TO DO - Copy out exactly, from the entries that follow, the line holding "Gold prices after referendum on Brexit", the line holding "Кроссворд 1. Как", and all lines between them, but no pictures.

RECORDED DATA -
[Start of Attachment]
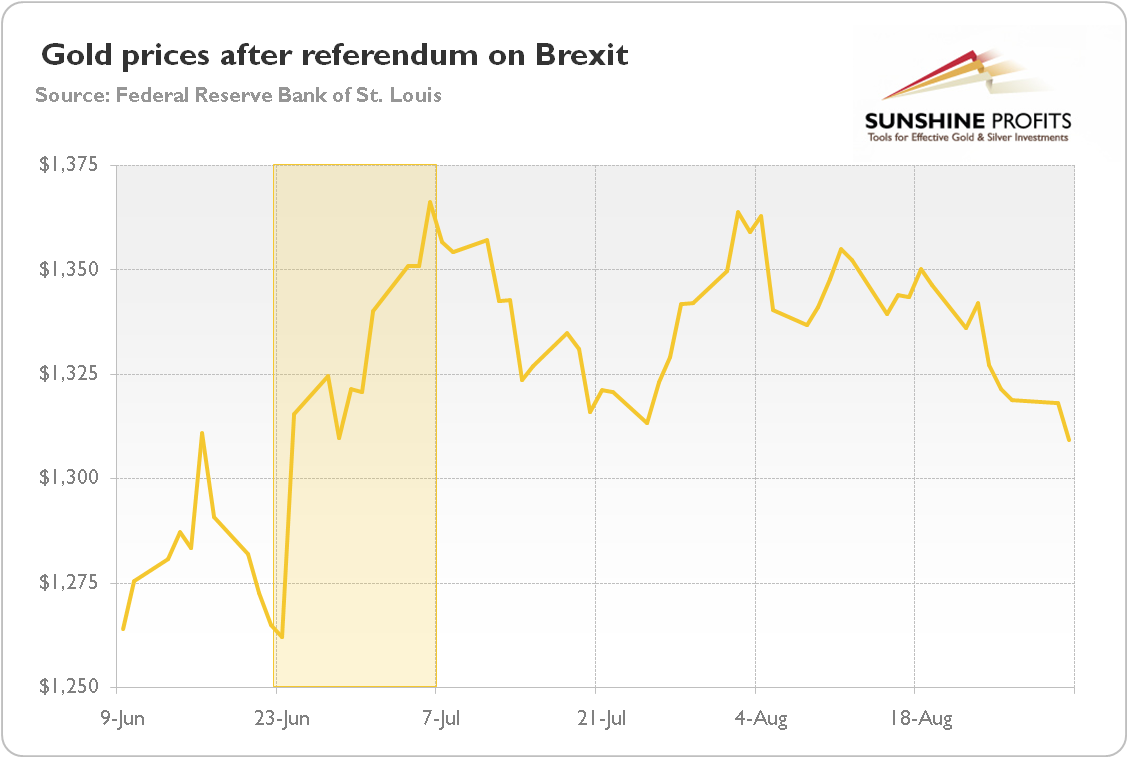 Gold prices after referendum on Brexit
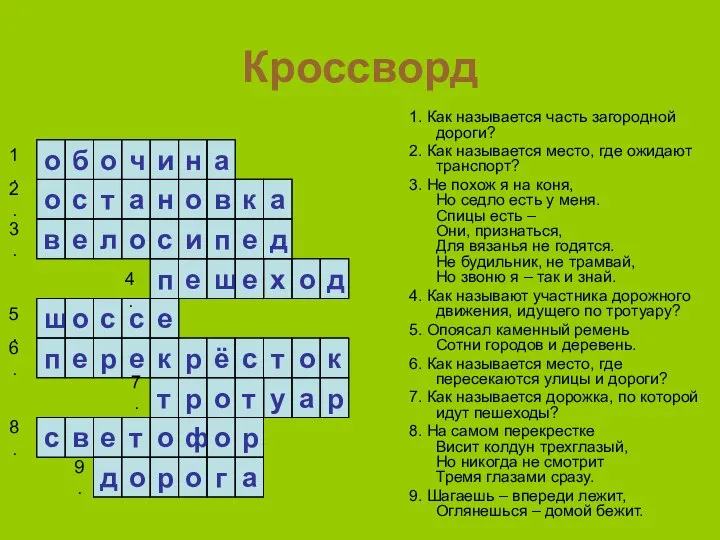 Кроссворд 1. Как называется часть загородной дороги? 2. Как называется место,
[End of Attachment]
[Start of Attachment]
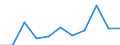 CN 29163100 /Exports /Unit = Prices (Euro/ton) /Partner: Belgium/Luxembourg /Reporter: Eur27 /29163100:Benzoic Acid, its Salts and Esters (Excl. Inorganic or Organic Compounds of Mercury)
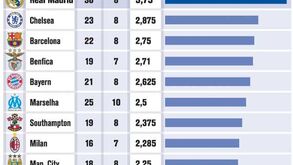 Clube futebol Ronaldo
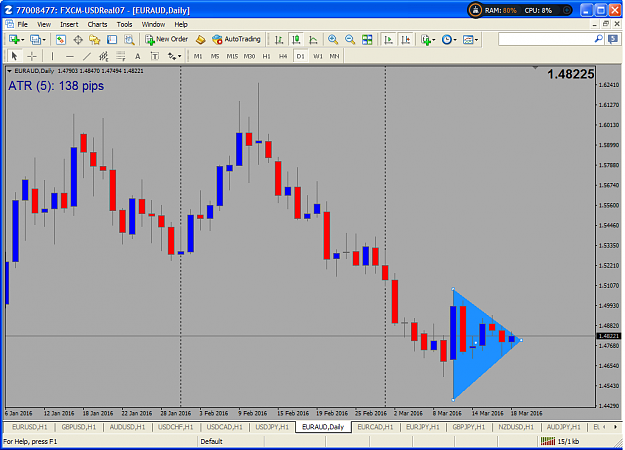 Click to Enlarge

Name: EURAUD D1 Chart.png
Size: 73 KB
[End of Attachment]
[Start of Attachment]
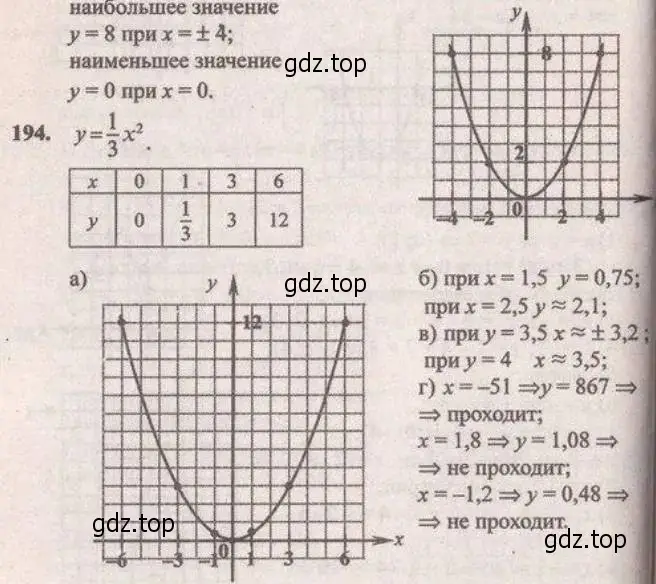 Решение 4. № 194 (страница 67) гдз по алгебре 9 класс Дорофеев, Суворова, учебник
[End of Attachment]
RESULT FOR THIS TASK -
 Gold prices after referendum on Brexit
 Кроссворд 1. Как называется часть загородной дороги? 2. Как называется место,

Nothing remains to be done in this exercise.